*Work task*.
Your task is to print each entry exactly as written.

(Brief descriptive captions)

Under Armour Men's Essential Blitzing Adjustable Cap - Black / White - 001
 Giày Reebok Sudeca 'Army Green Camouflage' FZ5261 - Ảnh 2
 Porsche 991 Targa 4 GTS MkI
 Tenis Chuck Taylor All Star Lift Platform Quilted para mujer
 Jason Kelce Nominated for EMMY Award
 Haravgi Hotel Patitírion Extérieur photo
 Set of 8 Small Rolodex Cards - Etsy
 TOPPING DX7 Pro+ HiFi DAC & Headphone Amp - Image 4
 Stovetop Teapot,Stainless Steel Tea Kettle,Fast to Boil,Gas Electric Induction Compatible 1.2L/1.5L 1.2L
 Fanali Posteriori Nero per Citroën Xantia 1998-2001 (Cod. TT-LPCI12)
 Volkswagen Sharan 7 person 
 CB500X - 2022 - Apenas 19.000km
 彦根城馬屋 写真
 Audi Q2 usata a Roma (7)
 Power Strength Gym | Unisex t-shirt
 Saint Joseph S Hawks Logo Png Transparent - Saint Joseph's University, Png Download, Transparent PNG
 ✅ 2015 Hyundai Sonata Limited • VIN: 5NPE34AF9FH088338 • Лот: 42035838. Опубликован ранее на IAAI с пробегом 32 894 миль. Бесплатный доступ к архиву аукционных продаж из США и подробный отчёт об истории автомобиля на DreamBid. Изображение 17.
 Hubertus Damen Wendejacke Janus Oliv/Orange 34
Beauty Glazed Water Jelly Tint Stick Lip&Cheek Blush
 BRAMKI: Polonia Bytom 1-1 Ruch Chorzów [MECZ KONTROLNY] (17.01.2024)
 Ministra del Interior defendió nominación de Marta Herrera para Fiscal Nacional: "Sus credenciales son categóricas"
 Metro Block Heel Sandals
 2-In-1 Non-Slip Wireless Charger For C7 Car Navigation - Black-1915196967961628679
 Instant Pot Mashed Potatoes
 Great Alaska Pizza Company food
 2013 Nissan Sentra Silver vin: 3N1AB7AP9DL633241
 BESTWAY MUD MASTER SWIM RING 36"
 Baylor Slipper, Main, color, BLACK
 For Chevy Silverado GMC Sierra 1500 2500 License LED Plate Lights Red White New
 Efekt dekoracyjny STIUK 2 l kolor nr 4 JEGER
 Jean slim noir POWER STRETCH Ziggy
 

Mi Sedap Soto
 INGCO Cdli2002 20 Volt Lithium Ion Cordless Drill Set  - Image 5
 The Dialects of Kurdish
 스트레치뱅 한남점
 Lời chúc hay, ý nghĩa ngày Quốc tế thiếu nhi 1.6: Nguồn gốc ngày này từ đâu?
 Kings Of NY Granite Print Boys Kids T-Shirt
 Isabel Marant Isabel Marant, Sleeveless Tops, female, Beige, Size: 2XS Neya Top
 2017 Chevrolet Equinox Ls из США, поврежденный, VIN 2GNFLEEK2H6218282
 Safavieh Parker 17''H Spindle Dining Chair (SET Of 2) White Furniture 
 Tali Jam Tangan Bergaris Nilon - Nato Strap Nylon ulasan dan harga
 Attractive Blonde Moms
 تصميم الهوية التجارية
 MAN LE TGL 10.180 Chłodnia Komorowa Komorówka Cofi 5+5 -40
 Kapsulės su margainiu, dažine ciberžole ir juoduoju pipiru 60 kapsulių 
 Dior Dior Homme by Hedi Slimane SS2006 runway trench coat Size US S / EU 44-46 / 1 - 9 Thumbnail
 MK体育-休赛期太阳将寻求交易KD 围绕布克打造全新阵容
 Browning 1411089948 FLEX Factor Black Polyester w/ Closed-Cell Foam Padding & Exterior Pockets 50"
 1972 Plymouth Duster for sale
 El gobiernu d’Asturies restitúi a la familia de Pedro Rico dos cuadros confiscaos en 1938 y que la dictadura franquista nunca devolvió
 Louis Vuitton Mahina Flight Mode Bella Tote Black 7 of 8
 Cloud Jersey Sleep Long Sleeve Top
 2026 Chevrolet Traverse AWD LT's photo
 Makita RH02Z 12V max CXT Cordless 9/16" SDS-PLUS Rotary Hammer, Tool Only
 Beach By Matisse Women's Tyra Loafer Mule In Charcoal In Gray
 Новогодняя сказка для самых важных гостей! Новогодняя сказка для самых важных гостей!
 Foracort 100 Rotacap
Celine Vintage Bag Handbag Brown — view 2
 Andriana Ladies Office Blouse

*Exercise response*.
Under Armour Men's Essential Blitzing Adjustable Cap - Black / White - 001
 Giày Reebok Sudeca 'Army Green Camouflage' FZ5261 - Ảnh 2
 Porsche 991 Targa 4 GTS MkI
 Tenis Chuck Taylor All Star Lift Platform Quilted para mujer
 Jason Kelce Nominated for EMMY Award
 Haravgi Hotel Patitírion Extérieur photo
 Set of 8 Small Rolodex Cards - Etsy
 TOPPING DX7 Pro+ HiFi DAC & Headphone Amp - Image 4
 Stovetop Teapot,Stainless Steel Tea Kettle,Fast to Boil,Gas Electric Induction Compatible 1.2L/1.5L 1.2L
 Fanali Posteriori Nero per Citroën Xantia 1998-2001 (Cod. TT-LPCI12)
 Volkswagen Sharan 7 person 
 CB500X - 2022 - Apenas 19.000km
 彦根城馬屋 写真
 Audi Q2 usata a Roma (7)
 Power Strength Gym | Unisex t-shirt
 Saint Joseph S Hawks Logo Png Transparent - Saint Joseph's University, Png Download, Transparent PNG
 ✅ 2015 Hyundai Sonata Limited • VIN: 5NPE34AF9FH088338 • Лот: 42035838. Опубликован ранее на IAAI с пробегом 32 894 миль. Бесплатный доступ к архиву аукционных продаж из США и подробный отчёт об истории автомобиля на DreamBid. Изображение 17.
 Hubertus Damen Wendejacke Janus Oliv/Orange 34
Beauty Glazed Water Jelly Tint Stick Lip&Cheek Blush
 BRAMKI: Polonia Bytom 1-1 Ruch Chorzów [MECZ KONTROLNY] (17.01.2024)
 Ministra del Interior defendió nominación de Marta Herrera para Fiscal Nacional: "Sus credenciales son categóricas"
 Metro Block Heel Sandals
 2-In-1 Non-Slip Wireless Charger For C7 Car Navigation - Black-1915196967961628679
 Instant Pot Mashed Potatoes
 Great Alaska Pizza Company food
 2013 Nissan Sentra Silver vin: 3N1AB7AP9DL633241
 BESTWAY MUD MASTER SWIM RING 36"
 Baylor Slipper, Main, color, BLACK
 For Chevy Silverado GMC Sierra 1500 2500 License LED Plate Lights Red White New
 Efekt dekoracyjny STIUK 2 l kolor nr 4 JEGER
 Jean slim noir POWER STRETCH Ziggy
 

Mi Sedap Soto
 INGCO Cdli2002 20 Volt Lithium Ion Cordless Drill Set  - Image 5
 The Dialects of Kurdish
 스트레치뱅 한남점
 Lời chúc hay, ý nghĩa ngày Quốc tế thiếu nhi 1.6: Nguồn gốc ngày này từ đâu?
 Kings Of NY Granite Print Boys Kids T-Shirt
 Isabel Marant Isabel Marant, Sleeveless Tops, female, Beige, Size: 2XS Neya Top
 2017 Chevrolet Equinox Ls из США, поврежденный, VIN 2GNFLEEK2H6218282
 Safavieh Parker 17''H Spindle Dining Chair (SET Of 2) White Furniture 
 Tali Jam Tangan Bergaris Nilon - Nato Strap Nylon ulasan dan harga
 Attractive Blonde Moms
 تصميم الهوية التجارية
 MAN LE TGL 10.180 Chłodnia Komorowa Komorówka Cofi 5+5 -40
 Kapsulės su margainiu, dažine ciberžole ir juoduoju pipiru 60 kapsulių 
 Dior Dior Homme by Hedi Slimane SS2006 runway trench coat Size US S / EU 44-46 / 1 - 9 Thumbnail
 MK体育-休赛期太阳将寻求交易KD 围绕布克打造全新阵容
 Browning 1411089948 FLEX Factor Black Polyester w/ Closed-Cell Foam Padding & Exterior Pockets 50"
 1972 Plymouth Duster for sale
 El gobiernu d’Asturies restitúi a la familia de Pedro Rico dos cuadros confiscaos en 1938 y que la dictadura franquista nunca devolvió
 Louis Vuitton Mahina Flight Mode Bella Tote Black 7 of 8
 Cloud Jersey Sleep Long Sleeve Top
 2026 Chevrolet Traverse AWD LT's photo
 Makita RH02Z 12V max CXT Cordless 9/16" SDS-PLUS Rotary Hammer, Tool Only
 Beach By Matisse Women's Tyra Loafer Mule In Charcoal In Gray
 Новогодняя сказка для самых важных гостей! Новогодняя сказка для самых важных гостей!
 Foracort 100 Rotacap
Celine Vintage Bag Handbag Brown — view 2
 Andriana Ladies Office Blouse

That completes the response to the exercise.